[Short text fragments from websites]
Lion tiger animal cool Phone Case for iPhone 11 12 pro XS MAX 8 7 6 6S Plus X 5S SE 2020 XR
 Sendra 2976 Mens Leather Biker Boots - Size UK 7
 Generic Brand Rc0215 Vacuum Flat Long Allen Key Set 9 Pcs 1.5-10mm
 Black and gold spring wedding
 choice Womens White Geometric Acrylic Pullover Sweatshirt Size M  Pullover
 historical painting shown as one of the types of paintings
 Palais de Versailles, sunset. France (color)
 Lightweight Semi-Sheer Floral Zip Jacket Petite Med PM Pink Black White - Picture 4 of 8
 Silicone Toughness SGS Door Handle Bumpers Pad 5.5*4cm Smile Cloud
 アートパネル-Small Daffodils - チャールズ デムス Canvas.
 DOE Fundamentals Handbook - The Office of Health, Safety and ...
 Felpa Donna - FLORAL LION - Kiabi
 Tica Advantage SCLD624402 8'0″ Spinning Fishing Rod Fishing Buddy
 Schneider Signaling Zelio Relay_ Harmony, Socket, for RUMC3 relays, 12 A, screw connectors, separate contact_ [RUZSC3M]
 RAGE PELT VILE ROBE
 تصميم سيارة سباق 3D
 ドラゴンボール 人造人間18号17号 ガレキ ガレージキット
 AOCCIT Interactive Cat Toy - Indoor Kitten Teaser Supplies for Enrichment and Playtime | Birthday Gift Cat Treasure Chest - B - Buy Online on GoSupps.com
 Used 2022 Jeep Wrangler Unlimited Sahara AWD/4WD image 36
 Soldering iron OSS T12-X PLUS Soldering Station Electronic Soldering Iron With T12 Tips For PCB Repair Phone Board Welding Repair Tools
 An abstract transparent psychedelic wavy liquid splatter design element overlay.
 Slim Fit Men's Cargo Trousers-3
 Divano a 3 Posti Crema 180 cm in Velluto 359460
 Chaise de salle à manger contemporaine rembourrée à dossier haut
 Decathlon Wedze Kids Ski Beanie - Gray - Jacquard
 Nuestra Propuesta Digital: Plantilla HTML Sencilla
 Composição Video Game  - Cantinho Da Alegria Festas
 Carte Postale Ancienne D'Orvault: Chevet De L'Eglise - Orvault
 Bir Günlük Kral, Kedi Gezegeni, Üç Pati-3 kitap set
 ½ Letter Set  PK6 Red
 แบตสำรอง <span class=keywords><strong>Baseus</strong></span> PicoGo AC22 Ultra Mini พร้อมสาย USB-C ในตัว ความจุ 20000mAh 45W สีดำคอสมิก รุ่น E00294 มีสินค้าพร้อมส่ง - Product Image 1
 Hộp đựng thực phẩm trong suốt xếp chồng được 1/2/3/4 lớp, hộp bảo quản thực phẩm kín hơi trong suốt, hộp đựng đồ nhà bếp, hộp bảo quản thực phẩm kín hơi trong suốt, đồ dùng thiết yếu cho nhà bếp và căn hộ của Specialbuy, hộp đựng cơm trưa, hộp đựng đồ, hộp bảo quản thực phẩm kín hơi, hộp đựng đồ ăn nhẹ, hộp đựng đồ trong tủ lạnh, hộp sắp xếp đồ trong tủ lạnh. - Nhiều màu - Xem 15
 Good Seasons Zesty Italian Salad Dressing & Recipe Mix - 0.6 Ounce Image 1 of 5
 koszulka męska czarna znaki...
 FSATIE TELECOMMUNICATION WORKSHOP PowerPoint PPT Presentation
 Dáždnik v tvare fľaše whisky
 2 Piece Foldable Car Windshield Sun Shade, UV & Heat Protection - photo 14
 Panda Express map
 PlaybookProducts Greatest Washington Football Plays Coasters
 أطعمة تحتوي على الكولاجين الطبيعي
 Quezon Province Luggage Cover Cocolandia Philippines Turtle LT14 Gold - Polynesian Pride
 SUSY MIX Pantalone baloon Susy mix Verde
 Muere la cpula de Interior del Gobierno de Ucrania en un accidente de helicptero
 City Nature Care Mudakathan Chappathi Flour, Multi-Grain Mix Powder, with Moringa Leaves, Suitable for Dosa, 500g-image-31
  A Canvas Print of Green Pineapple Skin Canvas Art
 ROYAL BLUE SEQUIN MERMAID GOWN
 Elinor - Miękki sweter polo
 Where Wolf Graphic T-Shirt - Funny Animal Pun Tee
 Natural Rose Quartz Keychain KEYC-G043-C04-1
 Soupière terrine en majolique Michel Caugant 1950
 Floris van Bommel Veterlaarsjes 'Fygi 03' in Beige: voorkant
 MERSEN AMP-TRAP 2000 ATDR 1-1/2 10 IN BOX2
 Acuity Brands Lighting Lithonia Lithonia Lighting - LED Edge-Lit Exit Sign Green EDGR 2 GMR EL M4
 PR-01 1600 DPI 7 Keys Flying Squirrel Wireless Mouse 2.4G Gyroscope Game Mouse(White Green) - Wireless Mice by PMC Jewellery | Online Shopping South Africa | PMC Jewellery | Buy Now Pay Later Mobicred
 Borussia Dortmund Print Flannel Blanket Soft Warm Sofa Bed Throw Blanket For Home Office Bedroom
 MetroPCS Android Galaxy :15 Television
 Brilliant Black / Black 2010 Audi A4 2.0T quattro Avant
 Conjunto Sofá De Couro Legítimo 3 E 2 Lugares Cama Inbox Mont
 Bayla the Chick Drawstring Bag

WHAT IS REQUIRED
Each record must be transcribed exactly, with nothing left out.

RESULT
Lion tiger animal cool Phone Case for iPhone 11 12 pro XS MAX 8 7 6 6S Plus X 5S SE 2020 XR
 Sendra 2976 Mens Leather Biker Boots - Size UK 7
 Generic Brand Rc0215 Vacuum Flat Long Allen Key Set 9 Pcs 1.5-10mm
 Black and gold spring wedding
 choice Womens White Geometric Acrylic Pullover Sweatshirt Size M  Pullover
 historical painting shown as one of the types of paintings
 Palais de Versailles, sunset. France (color)
 Lightweight Semi-Sheer Floral Zip Jacket Petite Med PM Pink Black White - Picture 4 of 8
 Silicone Toughness SGS Door Handle Bumpers Pad 5.5*4cm Smile Cloud
 アートパネル-Small Daffodils - チャールズ デムス Canvas.
 DOE Fundamentals Handbook - The Office of Health, Safety and ...
 Felpa Donna - FLORAL LION - Kiabi
 Tica Advantage SCLD624402 8'0″ Spinning Fishing Rod Fishing Buddy
 Schneider Signaling Zelio Relay_ Harmony, Socket, for RUMC3 relays, 12 A, screw connectors, separate contact_ [RUZSC3M]
 RAGE PELT VILE ROBE
 تصميم سيارة سباق 3D
 ドラゴンボール 人造人間18号17号 ガレキ ガレージキット
 AOCCIT Interactive Cat Toy - Indoor Kitten Teaser Supplies for Enrichment and Playtime | Birthday Gift Cat Treasure Chest - B - Buy Online on GoSupps.com
 Used 2022 Jeep Wrangler Unlimited Sahara AWD/4WD image 36
 Soldering iron OSS T12-X PLUS Soldering Station Electronic Soldering Iron With T12 Tips For PCB Repair Phone Board Welding Repair Tools
 An abstract transparent psychedelic wavy liquid splatter design element overlay.
 Slim Fit Men's Cargo Trousers-3
 Divano a 3 Posti Crema 180 cm in Velluto 359460
 Chaise de salle à manger contemporaine rembourrée à dossier haut
 Decathlon Wedze Kids Ski Beanie - Gray - Jacquard
 Nuestra Propuesta Digital: Plantilla HTML Sencilla
 Composição Video Game  - Cantinho Da Alegria Festas
 Carte Postale Ancienne D'Orvault: Chevet De L'Eglise - Orvault
 Bir Günlük Kral, Kedi Gezegeni, Üç Pati-3 kitap set
 ½ Letter Set  PK6 Red
 แบตสำรอง <span class=keywords><strong>Baseus</strong></span> PicoGo AC22 Ultra Mini พร้อมสาย USB-C ในตัว ความจุ 20000mAh 45W สีดำคอสมิก รุ่น E00294 มีสินค้าพร้อมส่ง - Product Image 1
 Hộp đựng thực phẩm trong suốt xếp chồng được 1/2/3/4 lớp, hộp bảo quản thực phẩm kín hơi trong suốt, hộp đựng đồ nhà bếp, hộp bảo quản thực phẩm kín hơi trong suốt, đồ dùng thiết yếu cho nhà bếp và căn hộ của Specialbuy, hộp đựng cơm trưa, hộp đựng đồ, hộp bảo quản thực phẩm kín hơi, hộp đựng đồ ăn nhẹ, hộp đựng đồ trong tủ lạnh, hộp sắp xếp đồ trong tủ lạnh. - Nhiều màu - Xem 15
 Good Seasons Zesty Italian Salad Dressing & Recipe Mix - 0.6 Ounce Image 1 of 5
 koszulka męska czarna znaki...
 FSATIE TELECOMMUNICATION WORKSHOP PowerPoint PPT Presentation
 Dáždnik v tvare fľaše whisky
 2 Piece Foldable Car Windshield Sun Shade, UV & Heat Protection - photo 14
 Panda Express map
 PlaybookProducts Greatest Washington Football Plays Coasters
 أطعمة تحتوي على الكولاجين الطبيعي
 Quezon Province Luggage Cover Cocolandia Philippines Turtle LT14 Gold - Polynesian Pride
 SUSY MIX Pantalone baloon Susy mix Verde
 Muere la cpula de Interior del Gobierno de Ucrania en un accidente de helicptero
 City Nature Care Mudakathan Chappathi Flour, Multi-Grain Mix Powder, with Moringa Leaves, Suitable for Dosa, 500g-image-31
  A Canvas Print of Green Pineapple Skin Canvas Art
 ROYAL BLUE SEQUIN MERMAID GOWN
 Elinor - Miękki sweter polo
 Where Wolf Graphic T-Shirt - Funny Animal Pun Tee
 Natural Rose Quartz Keychain KEYC-G043-C04-1
 Soupière terrine en majolique Michel Caugant 1950
 Floris van Bommel Veterlaarsjes 'Fygi 03' in Beige: voorkant
 MERSEN AMP-TRAP 2000 ATDR 1-1/2 10 IN BOX2
 Acuity Brands Lighting Lithonia Lithonia Lighting - LED Edge-Lit Exit Sign Green EDGR 2 GMR EL M4
 PR-01 1600 DPI 7 Keys Flying Squirrel Wireless Mouse 2.4G Gyroscope Game Mouse(White Green) - Wireless Mice by PMC Jewellery | Online Shopping South Africa | PMC Jewellery | Buy Now Pay Later Mobicred
 Borussia Dortmund Print Flannel Blanket Soft Warm Sofa Bed Throw Blanket For Home Office Bedroom
 MetroPCS Android Galaxy :15 Television
 Brilliant Black / Black 2010 Audi A4 2.0T quattro Avant
 Conjunto Sofá De Couro Legítimo 3 E 2 Lugares Cama Inbox Mont
 Bayla the Chick Drawstring Bag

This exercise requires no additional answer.